Last evening: the stew

Well, join me on this last evening at Khiding Pan, on my Wild Side of Mabua trip. I'm making some beef stew. Going to put some curry in there, and I'm going to put some veggies in there. I've already browned the onions. The meat is in, and I'm busy browning that. And then I'm going to add some red muscadel from Darling Cellars, also from my trip in Yzerfontein. And I'll bring you guys back when I'm putting in the veggies. That's my meal for the evening, and my lunch for tomorrow. Padkos. They call it padkos.

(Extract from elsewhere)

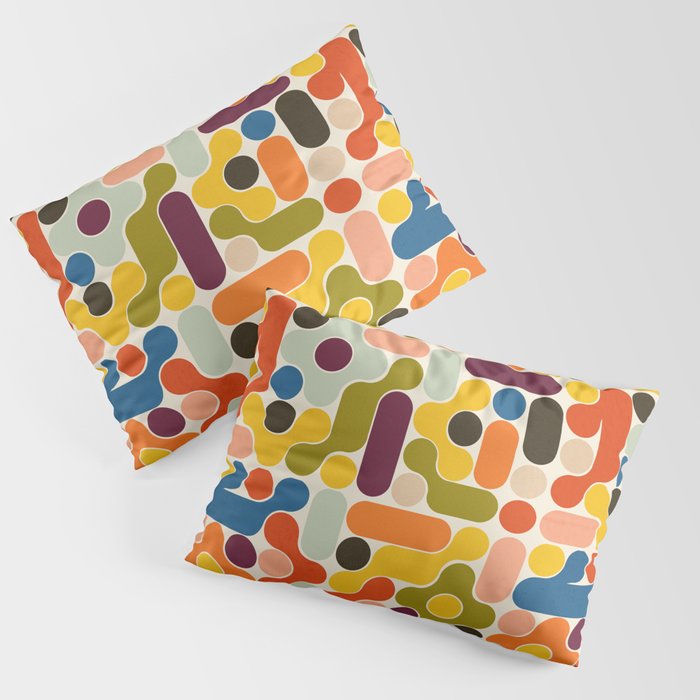Mid Century Vivid Abstract Pillow Sham Gallery Image 3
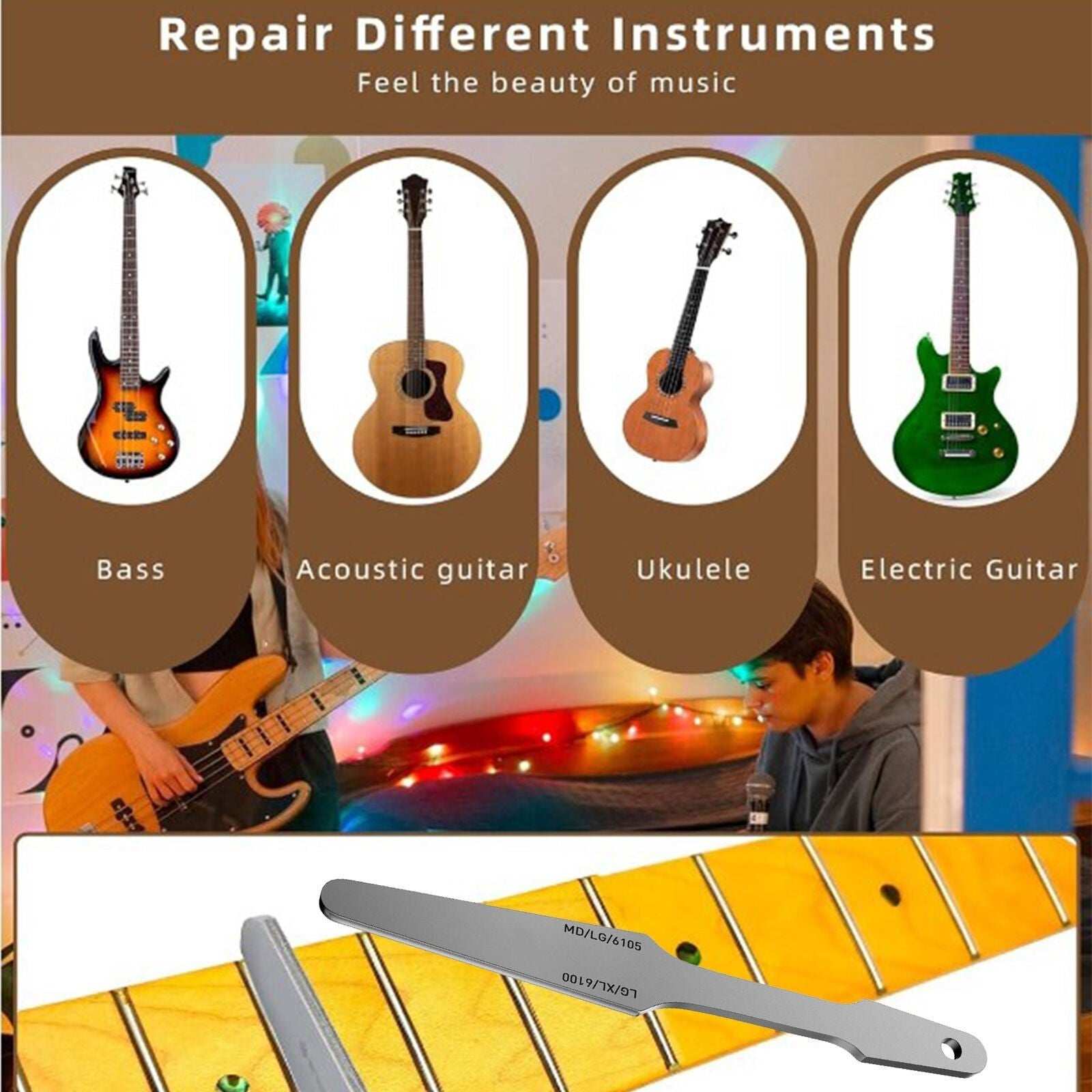 Guitar Crowning File Double-Sided Fret Crowning Files Luthier Tools Professio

Guys, thanks for joining me on this awesome, awesome trip. I hope you enjoyed it. This is the last night that I'm cooking food. Let me put this lid on before I get too excited. Can't wait to go back, do the editing, and bring this all to you guys. Have an awesome, awesome time. Never give up. If you never give up, you never fail. Start overlanding, if you're not overlanding at the moment. If you're overlanding, please share your journeys, we like to watch. Time out.

The road home

The road home. After a trip like this, it's different. There's something about watching the landscape pass by through the windscreen, the long stretches of the tar, the gravel shaking underneath the tyres. That gives you time to think, time to feel, time to be honest with yourself. You know, didn't see lions this time. No cheetahs running across the pan. No big moment that makes the thumbnail. And yet, this was one of the most meaningful trips I've had in a long time. Because somewhere in the silence of those pans, in the long dusty tracks with no one around, I remembered why I do this. Why I come back to these wild places over and over again. It's not for the sightings. It's not for the drama. It's for the way the Kalahari slows you down, strips everything back, and gives you room to breathe again. This trip reminded me how small I am under an African sky, and how lucky I am to be able to load up my vehicle and disappear into the wild whenever my soul needs it. It reminded me that peace doesn't always come from what you see. Sometimes it comes from what you feel, where nothing is happening at all. So as I drive back home, watching the dunes fade behind me and the world slowly return to its normal speed, I realize something important. Adventure isn't always loud. Sometimes it's just quiet roads, long thoughts, and a heart that is a little fuller than before. To the Kalahari, thank you. And to everyone who rides along on these journeys, thank you too. This trip didn't give me lions, but it gave me something far more powerful. It gave me myself again. Until the next road: stay wild, stay kind, and never stop searching for the places that make you feel alive.